## What the exercise asks
The listing needs restating word for word.

## Recorded data
....

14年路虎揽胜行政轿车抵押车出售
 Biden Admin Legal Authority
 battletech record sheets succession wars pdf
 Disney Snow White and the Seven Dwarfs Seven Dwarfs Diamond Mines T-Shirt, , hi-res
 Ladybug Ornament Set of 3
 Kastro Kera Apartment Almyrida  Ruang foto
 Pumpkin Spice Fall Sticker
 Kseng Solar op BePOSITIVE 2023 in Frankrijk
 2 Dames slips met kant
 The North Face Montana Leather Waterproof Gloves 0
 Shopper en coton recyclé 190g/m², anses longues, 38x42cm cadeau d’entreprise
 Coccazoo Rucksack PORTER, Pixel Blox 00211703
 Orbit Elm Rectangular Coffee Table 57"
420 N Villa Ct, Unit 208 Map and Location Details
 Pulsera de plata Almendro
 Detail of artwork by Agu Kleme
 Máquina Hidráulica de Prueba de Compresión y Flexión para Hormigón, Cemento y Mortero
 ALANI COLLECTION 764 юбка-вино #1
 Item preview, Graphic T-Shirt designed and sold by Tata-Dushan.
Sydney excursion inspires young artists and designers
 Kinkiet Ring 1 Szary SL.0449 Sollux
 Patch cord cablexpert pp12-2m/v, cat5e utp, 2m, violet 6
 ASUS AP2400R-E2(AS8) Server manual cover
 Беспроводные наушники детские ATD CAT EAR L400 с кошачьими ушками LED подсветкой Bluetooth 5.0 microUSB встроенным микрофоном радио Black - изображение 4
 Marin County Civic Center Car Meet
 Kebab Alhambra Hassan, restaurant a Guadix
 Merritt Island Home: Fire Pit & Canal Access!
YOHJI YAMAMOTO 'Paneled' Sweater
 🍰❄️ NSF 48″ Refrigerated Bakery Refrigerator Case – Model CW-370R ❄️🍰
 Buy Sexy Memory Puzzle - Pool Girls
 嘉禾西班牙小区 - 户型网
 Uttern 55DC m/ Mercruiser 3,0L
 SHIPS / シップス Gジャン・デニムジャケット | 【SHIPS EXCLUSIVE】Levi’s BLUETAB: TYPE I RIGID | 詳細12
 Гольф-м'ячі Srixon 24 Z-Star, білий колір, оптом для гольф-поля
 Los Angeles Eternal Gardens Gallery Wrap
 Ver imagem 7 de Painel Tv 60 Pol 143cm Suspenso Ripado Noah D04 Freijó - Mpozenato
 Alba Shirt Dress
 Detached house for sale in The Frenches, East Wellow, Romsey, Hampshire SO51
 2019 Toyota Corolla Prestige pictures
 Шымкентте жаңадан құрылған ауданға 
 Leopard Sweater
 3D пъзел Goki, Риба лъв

....

## Solved problem
14年路虎揽胜行政轿车抵押车出售
 Biden Admin Legal Authority
 battletech record sheets succession wars pdf
 Disney Snow White and the Seven Dwarfs Seven Dwarfs Diamond Mines T-Shirt, , hi-res
 Ladybug Ornament Set of 3
 Kastro Kera Apartment Almyrida  Ruang foto
 Pumpkin Spice Fall Sticker
 Kseng Solar op BePOSITIVE 2023 in Frankrijk
 2 Dames slips met kant
 The North Face Montana Leather Waterproof Gloves 0
 Shopper en coton recyclé 190g/m², anses longues, 38x42cm cadeau d’entreprise
 Coccazoo Rucksack PORTER, Pixel Blox 00211703
 Orbit Elm Rectangular Coffee Table 57"
420 N Villa Ct, Unit 208 Map and Location Details
 Pulsera de plata Almendro
 Detail of artwork by Agu Kleme
 Máquina Hidráulica de Prueba de Compresión y Flexión para Hormigón, Cemento y Mortero
 ALANI COLLECTION 764 юбка-вино #1
 Item preview, Graphic T-Shirt designed and sold by Tata-Dushan.
Sydney excursion inspires young artists and designers
 Kinkiet Ring 1 Szary SL.0449 Sollux
 Patch cord cablexpert pp12-2m/v, cat5e utp, 2m, violet 6
 ASUS AP2400R-E2(AS8) Server manual cover
 Беспроводные наушники детские ATD CAT EAR L400 с кошачьими ушками LED подсветкой Bluetooth 5.0 microUSB встроенным микрофоном радио Black - изображение 4
 Marin County Civic Center Car Meet
 Kebab Alhambra Hassan, restaurant a Guadix
 Merritt Island Home: Fire Pit & Canal Access!
YOHJI YAMAMOTO 'Paneled' Sweater
 🍰❄️ NSF 48″ Refrigerated Bakery Refrigerator Case – Model CW-370R ❄️🍰
 Buy Sexy Memory Puzzle - Pool Girls
 嘉禾西班牙小区 - 户型网
 Uttern 55DC m/ Mercruiser 3,0L
 SHIPS / シップス Gジャン・デニムジャケット | 【SHIPS EXCLUSIVE】Levi’s BLUETAB: TYPE I RIGID | 詳細12
 Гольф-м'ячі Srixon 24 Z-Star, білий колір, оптом для гольф-поля
 Los Angeles Eternal Gardens Gallery Wrap
 Ver imagem 7 de Painel Tv 60 Pol 143cm Suspenso Ripado Noah D04 Freijó - Mpozenato
 Alba Shirt Dress
 Detached house for sale in The Frenches, East Wellow, Romsey, Hampshire SO51
 2019 Toyota Corolla Prestige pictures
 Шымкентте жаңадан құрылған ауданға 
 Leopard Sweater
 3D пъзел Goki, Риба лъв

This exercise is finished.